MATERIAL TO PROCESS:
________________________

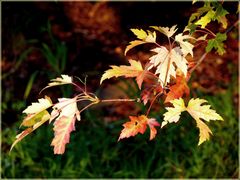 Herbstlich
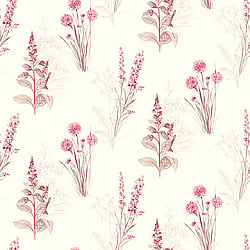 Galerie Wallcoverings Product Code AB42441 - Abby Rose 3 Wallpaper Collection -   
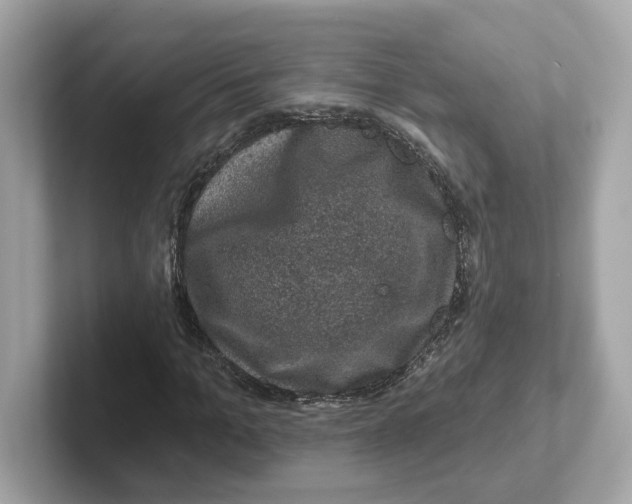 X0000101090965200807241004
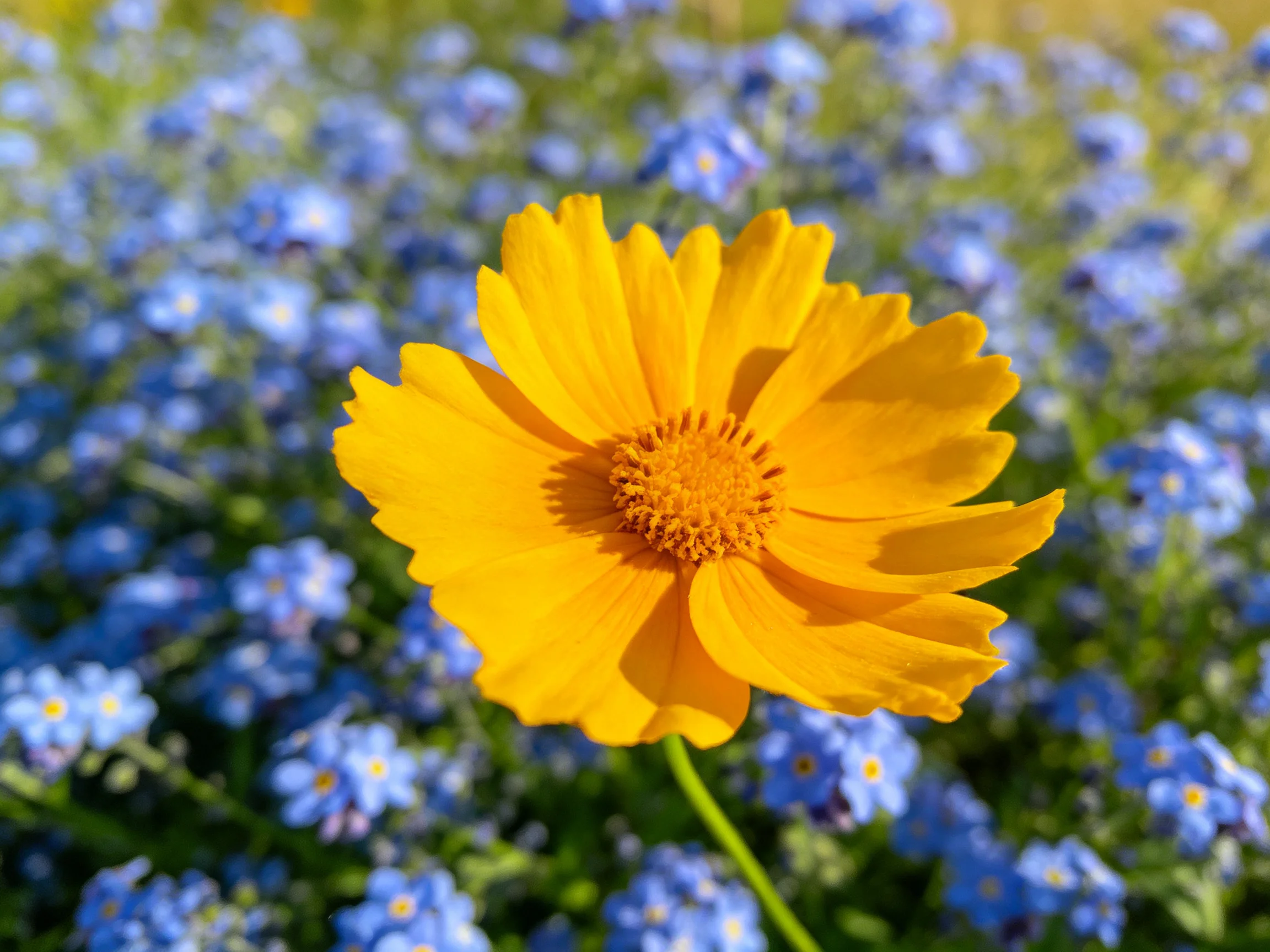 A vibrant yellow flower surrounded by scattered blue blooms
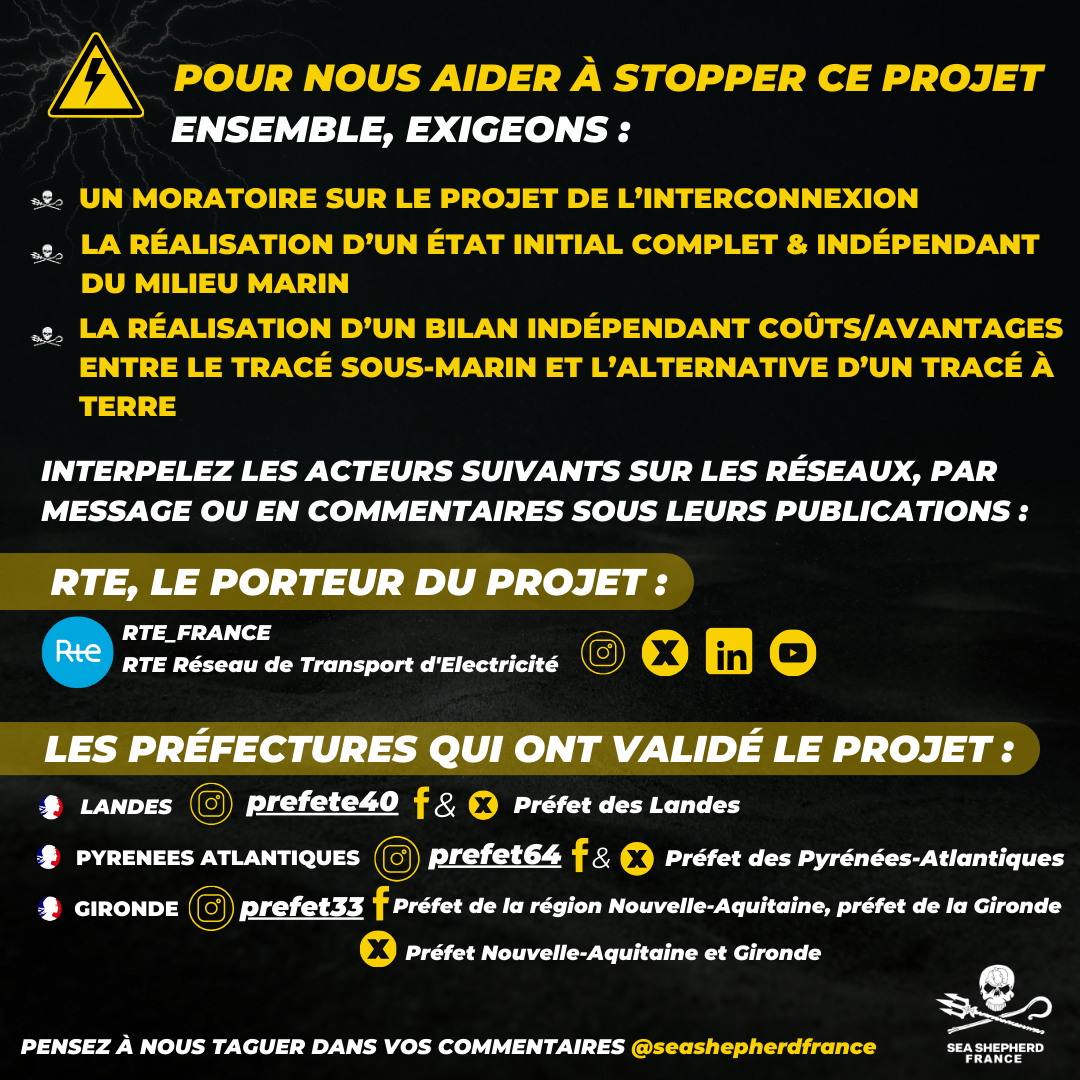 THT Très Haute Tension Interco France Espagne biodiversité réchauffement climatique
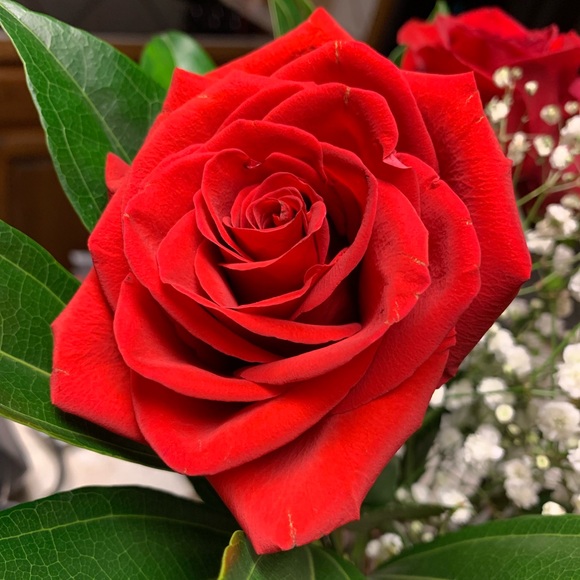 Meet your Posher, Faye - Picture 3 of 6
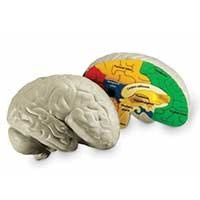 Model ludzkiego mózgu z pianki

________________________

Could you reproduce every entry exactly, leaving out the pictures?

OUTPUT BELOW:
 Herbstlich
 Galerie Wallcoverings Product Code AB42441 - Abby Rose 3 Wallpaper Collection -   
 X0000101090965200807241004
 A vibrant yellow flower surrounded by scattered blue blooms
 THT Très Haute Tension Interco France Espagne biodiversité réchauffement climatique
 Meet your Posher, Faye - Picture 3 of 6
 Model ludzkiego mózgu z pianki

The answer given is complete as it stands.